Соловей разбойник. Полуэротическое

Владимир Дьяченко
В порядке предисловия.

Нам с детства хорошо знакома русская народная сказка про Илью Муромца и Соловья Разбойника. Насколько я помню, Соловей Разбойник всё время сидел на дереве и, видать, был недюжинной крепости, что одним только своим свистом поражал противника. Ему не нужно было совершать телодвижения, размахивая тяжеленной булавой, как это делал Илья Муромец.

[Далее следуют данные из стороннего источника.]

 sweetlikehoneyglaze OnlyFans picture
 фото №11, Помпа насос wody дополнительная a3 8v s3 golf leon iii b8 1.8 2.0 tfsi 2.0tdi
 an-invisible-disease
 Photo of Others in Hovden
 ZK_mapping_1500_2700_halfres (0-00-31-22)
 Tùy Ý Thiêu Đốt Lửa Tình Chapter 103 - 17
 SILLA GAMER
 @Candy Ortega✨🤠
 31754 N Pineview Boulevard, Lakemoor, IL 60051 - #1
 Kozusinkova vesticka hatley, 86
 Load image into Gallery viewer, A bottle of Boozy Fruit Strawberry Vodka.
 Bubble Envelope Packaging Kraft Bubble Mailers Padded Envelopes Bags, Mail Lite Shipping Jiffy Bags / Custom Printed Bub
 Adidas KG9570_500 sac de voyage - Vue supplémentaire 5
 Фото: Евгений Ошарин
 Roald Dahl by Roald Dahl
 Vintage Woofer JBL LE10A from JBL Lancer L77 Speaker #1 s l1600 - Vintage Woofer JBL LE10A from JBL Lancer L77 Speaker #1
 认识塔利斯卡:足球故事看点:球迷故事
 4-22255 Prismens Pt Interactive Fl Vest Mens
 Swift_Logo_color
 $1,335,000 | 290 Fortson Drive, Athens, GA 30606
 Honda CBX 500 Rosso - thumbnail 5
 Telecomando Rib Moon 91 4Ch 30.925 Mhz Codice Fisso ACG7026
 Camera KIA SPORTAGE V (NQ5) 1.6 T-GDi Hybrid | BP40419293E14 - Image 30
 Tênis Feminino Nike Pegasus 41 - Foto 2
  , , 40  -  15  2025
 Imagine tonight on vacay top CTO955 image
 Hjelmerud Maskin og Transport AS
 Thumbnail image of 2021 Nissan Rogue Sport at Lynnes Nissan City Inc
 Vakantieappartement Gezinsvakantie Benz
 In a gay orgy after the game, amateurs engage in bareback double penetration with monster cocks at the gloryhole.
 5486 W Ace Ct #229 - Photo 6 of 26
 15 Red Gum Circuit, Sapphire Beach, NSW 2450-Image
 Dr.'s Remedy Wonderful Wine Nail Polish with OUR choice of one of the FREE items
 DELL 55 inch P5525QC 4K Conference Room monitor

Отрывок, с которым я хочу познакомить читателя, взят из военных воспоминаний в духе жестокой окопной правды, человека, попавшего на фронт со школьной скамьи и принимавшего участие на передовой с самого первого дня войны, побывавшего на многих участках фронта. Прошедшего войну от А до Я.

Автор книги воспоминаний писал на протяжении многих лет, писал в стол, зная, что книгу не напечатают. И всё-таки писал, пытаясь «освободиться от гнетущих чувств, которые его не покидали на протяжении всей жизни.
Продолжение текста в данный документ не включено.